Although in the R package (at https://github.com/bnosac/nametagger) I use commit 598666b5aa2f3ebbb9658976fe06749f551aed02 of nametag, I think the issue is still there in the current version of nametag. Not sure how difficult it is to fix this.

foxik commented 1 year ago

Hi,

the issue is in the public-domain code performing LZMA (de)compression (we use it to compress the parts of the models where it make sense). The same code is also in UDPipe 1, MorphoDiTa, ... .

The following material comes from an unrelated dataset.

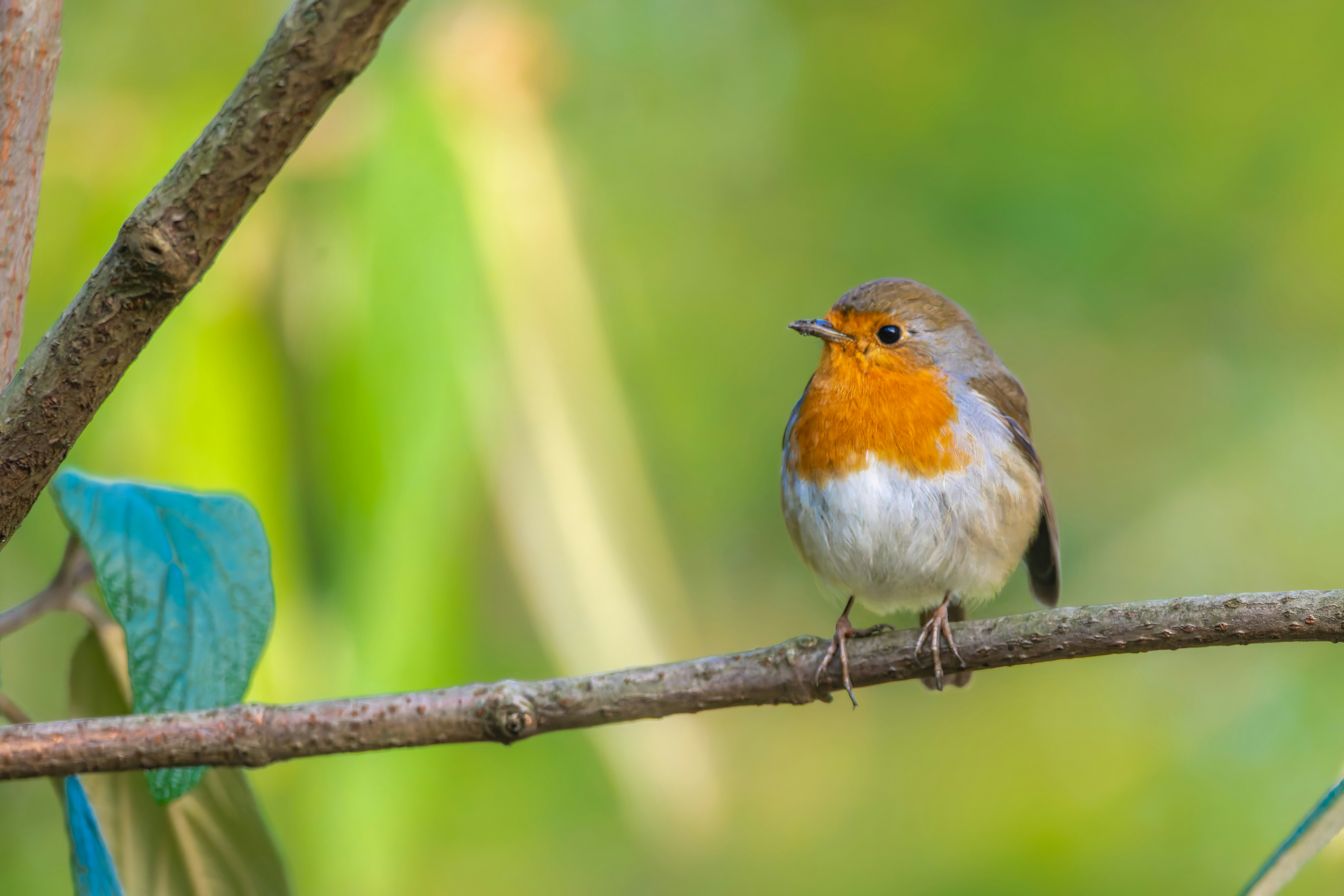 Photo by siegfriedpoepperl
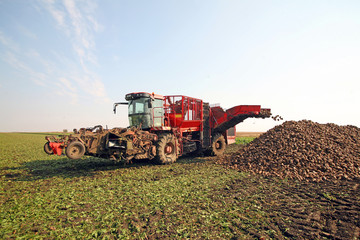 Obraz premium Sugar beet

As you say, I am not sure how difficult will be to find the cause (given that it is someone else's code), but I will try to do it next week (and do minor releases with the fix).

jwijffels commented 1 year ago

That would be great! Thanks for the effort.

foxik commented 1 year ago

Hi,

after investigation, I believe it is just a false positive report by valgrind (the code actually does read an uninitialized value, but the conditional jump is guarded by other conditions, so the program behavior cannot be influenced by the unitialized value). I tried to fix the problem by https://github.com/ufal/cpp_utils/commit/fc215c8d68224ac50f4e9026be15c0953adcc611 (on g++-10 and clang-11 the valgrind report disappeared) and then updated cpp_utils in nametag in the lastest commit 294466f.

Could you please try building the nametag R wrapper to verify the problem is really solved? Thanks!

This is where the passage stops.